== DATA FOR REVIEW
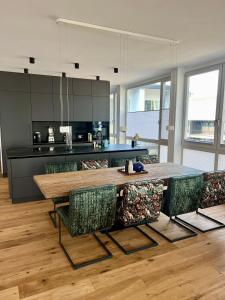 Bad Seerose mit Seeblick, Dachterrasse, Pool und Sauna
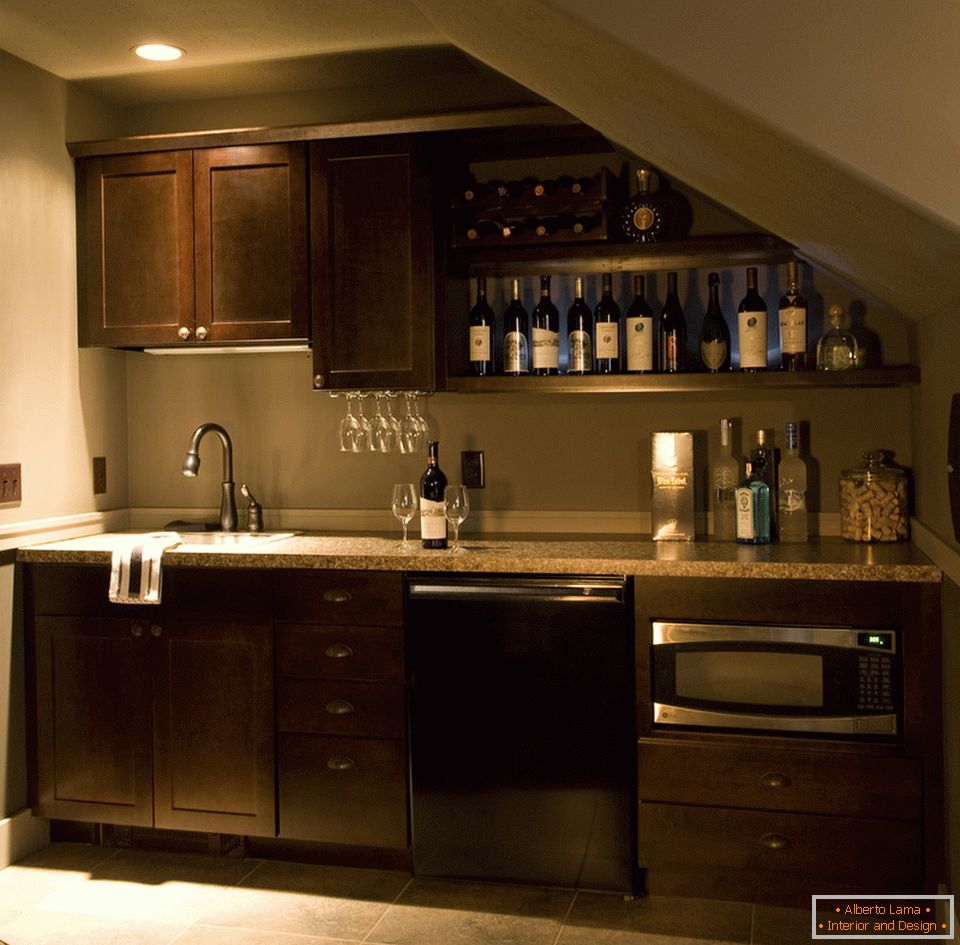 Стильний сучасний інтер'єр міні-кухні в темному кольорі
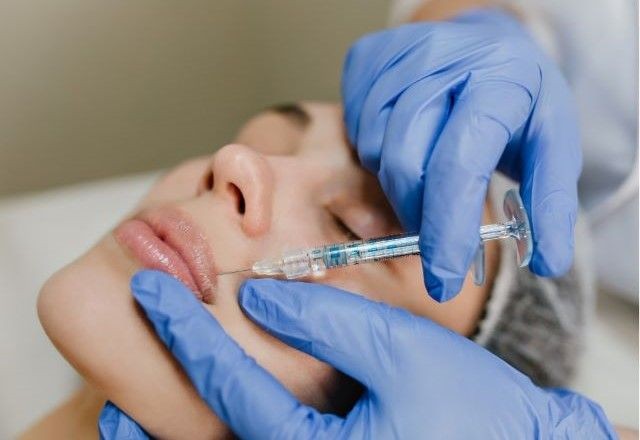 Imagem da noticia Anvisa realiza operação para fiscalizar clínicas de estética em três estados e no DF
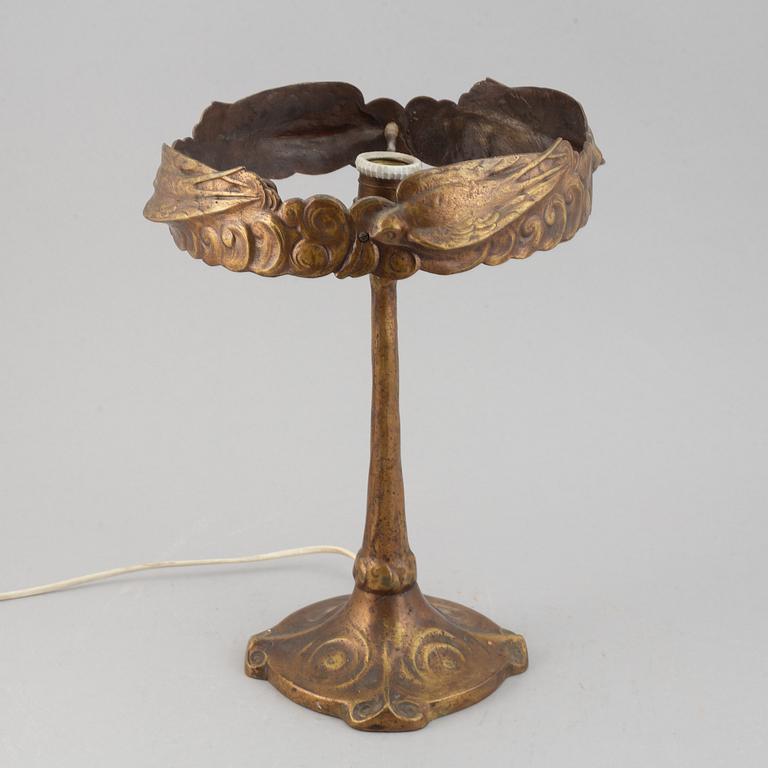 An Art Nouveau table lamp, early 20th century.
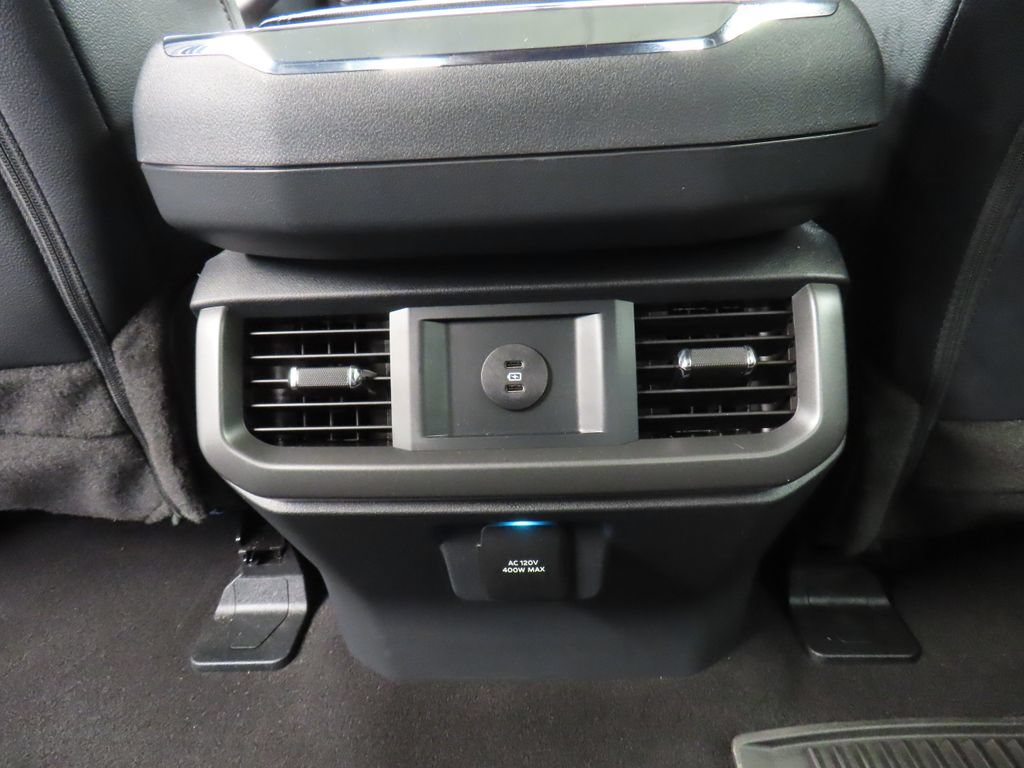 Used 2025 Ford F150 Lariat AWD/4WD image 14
====
ASSIGNMENT:
Retype everything in the entries above exactly. The pictures are to be omitted.

RESULT OF THIS EXERCISE:
 Bad Seerose mit Seeblick, Dachterrasse, Pool und Sauna
 Стильний сучасний інтер'єр міні-кухні в темному кольорі
 Imagem da noticia Anvisa realiza operação para fiscalizar clínicas de estética em três estados e no DF
 An Art Nouveau table lamp, early 20th century.
 Used 2025 Ford F150 Lariat AWD/4WD image 14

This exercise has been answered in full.